The name of this dish shi zi tou in Chinese - derives from the rather strange idea that the meatballs look like a lion's head and the Chinese leaves resemble its mane.

ingredients

serves 4 - 6
450 g (1 lb) minced pork
10 ml (2 tsp) finely chopped spring onion
5 ml (1 tsp) finely chopped fresh root ginger
50 g (2 oz) mushrooms, chopped
50 g (2 oz) cooked prawns, peeled, or crab meat, finely chopped
15 ml (1 tbsp) light soy sauce
5 ml (1 tsp) light brown sugar
15 ml (1 tbsp) Chinese rice wine or dry sherry
15 ml (1 tbsp) cornflour
675 g (l/2 lb) Chinese leaves
45 - 60 ml (3 - 4 tbsp) vegetable oil
5 ml (1 tsp) salt
300 ml (1/2 pint) 1/4 cups Basic Stock or water

method

1. Mix together the pork, spring onion, ginger, mushrooms, prawns or crab meat, soy sauce, brown sugar, rice wine or dry sherry and cornflour. Shape the mixture into 4 - 6 meatballs.

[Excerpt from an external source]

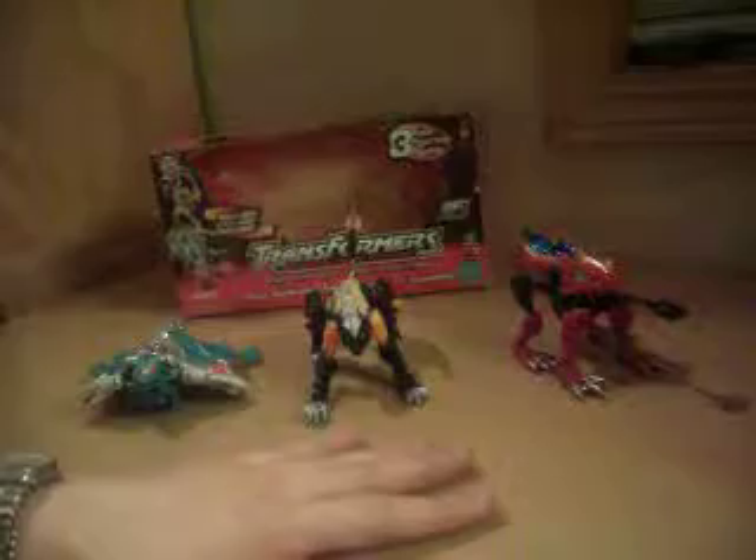So these are the Metal Beast Brothers from Robots in Disguise. We have Slapper, Gas Gunk, and Night Scream.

2. Cut the Chinese leaves into large pieces, all about the same size.

3. Heat the oil in a preheated wok or large frying pan. Add the Chinese leaves and salt and stir-fry for 2 - 3 minutes. Add the meatballs and the stock, bring to the boil, cover and simmer gently for 30 - 45 minutes. Serve immediately.